▶ [Activity]: Starting at the line below holding "Runner Blue And" and stopping at the line holding "Product Cover Nazareth", print every line exactly, both ends included, and leave the rest out.

Crawled caption data
---

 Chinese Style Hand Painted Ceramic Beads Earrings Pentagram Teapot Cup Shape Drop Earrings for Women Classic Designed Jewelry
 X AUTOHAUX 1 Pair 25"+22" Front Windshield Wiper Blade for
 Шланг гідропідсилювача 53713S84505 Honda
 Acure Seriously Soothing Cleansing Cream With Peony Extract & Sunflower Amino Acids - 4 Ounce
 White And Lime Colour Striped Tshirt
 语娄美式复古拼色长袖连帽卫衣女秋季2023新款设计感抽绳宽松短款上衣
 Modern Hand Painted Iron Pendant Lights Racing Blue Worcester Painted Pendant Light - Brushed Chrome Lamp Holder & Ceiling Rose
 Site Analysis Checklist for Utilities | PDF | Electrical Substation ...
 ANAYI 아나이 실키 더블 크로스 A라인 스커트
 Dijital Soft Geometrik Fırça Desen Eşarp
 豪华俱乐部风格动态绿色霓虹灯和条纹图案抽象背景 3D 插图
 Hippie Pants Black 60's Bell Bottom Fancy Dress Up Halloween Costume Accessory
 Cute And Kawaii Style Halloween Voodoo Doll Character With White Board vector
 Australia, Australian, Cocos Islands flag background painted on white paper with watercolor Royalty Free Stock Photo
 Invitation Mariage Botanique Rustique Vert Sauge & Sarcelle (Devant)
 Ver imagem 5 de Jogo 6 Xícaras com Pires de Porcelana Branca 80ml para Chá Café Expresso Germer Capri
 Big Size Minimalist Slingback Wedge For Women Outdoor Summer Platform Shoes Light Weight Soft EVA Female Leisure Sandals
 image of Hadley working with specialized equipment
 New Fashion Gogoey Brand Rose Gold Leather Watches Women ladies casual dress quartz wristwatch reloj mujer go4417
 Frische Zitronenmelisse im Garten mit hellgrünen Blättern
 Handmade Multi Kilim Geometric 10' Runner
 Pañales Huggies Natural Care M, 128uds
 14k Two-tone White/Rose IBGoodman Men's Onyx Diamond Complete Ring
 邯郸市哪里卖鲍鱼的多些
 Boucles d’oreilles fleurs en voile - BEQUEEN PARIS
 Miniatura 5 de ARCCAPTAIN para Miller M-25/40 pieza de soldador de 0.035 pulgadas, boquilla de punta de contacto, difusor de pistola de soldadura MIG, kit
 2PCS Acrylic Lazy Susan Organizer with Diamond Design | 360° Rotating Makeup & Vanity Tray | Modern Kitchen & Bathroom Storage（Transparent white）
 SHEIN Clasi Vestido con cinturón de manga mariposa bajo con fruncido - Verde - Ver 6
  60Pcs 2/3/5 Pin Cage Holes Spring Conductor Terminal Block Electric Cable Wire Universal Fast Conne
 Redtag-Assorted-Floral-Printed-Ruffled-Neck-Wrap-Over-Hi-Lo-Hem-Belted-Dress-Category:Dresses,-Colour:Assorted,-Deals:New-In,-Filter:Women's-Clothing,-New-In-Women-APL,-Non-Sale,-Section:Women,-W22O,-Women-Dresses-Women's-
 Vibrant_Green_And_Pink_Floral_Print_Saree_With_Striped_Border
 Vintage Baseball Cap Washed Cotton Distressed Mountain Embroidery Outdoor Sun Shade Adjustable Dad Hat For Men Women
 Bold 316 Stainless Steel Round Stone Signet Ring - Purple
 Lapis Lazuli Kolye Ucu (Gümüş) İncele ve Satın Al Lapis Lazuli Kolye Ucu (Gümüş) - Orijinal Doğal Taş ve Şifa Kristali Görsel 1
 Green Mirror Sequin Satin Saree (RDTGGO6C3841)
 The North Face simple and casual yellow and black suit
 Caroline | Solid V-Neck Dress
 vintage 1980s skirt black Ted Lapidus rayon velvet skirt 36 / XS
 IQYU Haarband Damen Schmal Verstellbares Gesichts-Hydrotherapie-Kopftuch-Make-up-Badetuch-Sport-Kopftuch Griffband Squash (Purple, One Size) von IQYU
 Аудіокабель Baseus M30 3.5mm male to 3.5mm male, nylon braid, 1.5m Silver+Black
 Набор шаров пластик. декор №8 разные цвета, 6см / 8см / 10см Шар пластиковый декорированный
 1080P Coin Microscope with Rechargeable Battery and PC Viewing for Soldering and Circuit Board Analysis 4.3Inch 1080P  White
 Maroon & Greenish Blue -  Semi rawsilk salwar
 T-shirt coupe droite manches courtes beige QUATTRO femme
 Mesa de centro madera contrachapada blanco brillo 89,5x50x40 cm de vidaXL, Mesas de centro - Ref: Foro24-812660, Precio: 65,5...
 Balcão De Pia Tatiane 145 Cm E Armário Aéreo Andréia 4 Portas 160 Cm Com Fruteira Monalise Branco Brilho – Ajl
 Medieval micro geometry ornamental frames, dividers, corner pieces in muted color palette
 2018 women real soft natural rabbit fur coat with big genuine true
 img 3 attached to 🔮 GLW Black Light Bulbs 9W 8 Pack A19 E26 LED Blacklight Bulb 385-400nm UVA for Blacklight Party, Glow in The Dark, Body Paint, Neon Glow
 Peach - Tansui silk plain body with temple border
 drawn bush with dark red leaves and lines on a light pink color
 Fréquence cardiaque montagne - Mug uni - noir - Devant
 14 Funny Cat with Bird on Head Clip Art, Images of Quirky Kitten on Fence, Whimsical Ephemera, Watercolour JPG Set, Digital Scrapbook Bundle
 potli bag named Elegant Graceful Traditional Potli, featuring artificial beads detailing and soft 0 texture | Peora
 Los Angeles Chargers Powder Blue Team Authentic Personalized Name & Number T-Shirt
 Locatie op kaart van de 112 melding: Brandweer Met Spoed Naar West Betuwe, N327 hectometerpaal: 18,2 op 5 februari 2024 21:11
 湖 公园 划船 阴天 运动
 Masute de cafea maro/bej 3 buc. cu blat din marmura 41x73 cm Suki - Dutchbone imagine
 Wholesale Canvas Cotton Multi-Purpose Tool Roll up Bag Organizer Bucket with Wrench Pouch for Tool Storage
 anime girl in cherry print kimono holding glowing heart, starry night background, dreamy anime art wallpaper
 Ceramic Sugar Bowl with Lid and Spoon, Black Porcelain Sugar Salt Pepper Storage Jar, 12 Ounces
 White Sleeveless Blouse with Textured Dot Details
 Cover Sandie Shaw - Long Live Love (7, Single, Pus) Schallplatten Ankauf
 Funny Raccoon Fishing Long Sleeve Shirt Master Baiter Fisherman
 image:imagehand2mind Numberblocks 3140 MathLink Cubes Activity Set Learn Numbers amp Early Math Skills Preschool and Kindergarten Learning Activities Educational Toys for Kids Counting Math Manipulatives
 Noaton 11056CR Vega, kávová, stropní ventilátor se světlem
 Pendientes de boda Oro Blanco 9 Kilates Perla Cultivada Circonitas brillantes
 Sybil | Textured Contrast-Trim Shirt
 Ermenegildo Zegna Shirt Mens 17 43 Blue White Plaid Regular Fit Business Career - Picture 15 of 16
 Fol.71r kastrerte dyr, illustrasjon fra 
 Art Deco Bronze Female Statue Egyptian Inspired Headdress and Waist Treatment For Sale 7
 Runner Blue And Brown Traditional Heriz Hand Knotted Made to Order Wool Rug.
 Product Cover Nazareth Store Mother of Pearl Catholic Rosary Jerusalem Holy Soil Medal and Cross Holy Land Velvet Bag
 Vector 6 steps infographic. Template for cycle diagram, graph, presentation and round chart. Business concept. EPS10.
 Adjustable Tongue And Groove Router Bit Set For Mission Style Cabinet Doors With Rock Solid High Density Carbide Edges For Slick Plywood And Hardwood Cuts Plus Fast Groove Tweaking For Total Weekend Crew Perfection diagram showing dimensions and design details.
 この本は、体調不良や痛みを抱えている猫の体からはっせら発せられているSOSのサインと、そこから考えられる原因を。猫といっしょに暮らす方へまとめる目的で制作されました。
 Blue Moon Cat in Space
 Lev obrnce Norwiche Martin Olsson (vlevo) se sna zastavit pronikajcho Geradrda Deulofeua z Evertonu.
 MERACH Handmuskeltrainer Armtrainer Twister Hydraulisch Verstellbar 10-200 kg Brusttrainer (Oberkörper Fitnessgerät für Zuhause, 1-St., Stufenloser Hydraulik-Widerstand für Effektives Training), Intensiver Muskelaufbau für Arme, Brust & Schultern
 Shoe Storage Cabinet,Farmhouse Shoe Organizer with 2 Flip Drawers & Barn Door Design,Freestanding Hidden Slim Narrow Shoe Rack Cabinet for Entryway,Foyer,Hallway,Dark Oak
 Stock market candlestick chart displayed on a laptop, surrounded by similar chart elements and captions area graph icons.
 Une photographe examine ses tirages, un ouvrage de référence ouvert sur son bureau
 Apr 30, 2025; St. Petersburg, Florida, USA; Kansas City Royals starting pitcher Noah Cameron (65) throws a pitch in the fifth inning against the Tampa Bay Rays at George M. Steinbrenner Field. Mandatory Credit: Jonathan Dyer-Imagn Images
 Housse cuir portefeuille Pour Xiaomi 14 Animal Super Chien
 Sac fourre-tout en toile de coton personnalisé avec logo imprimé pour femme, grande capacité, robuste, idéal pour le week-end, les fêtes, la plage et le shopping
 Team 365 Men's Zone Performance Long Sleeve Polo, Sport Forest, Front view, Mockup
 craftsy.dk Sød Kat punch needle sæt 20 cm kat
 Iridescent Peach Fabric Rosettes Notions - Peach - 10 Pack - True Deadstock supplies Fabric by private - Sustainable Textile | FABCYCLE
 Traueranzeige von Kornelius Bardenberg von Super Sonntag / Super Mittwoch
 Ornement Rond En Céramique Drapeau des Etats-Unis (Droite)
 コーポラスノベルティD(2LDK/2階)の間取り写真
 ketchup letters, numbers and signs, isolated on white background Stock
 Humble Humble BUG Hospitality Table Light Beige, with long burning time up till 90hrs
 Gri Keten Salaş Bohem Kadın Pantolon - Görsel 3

---

▶ [Exercise output]:
 Runner Blue And Brown Traditional Heriz Hand Knotted Made to Order Wool Rug.
 Product Cover Nazareth Store Mother of Pearl Catholic Rosary Jerusalem Holy Soil Medal and Cross Holy Land Velvet Bag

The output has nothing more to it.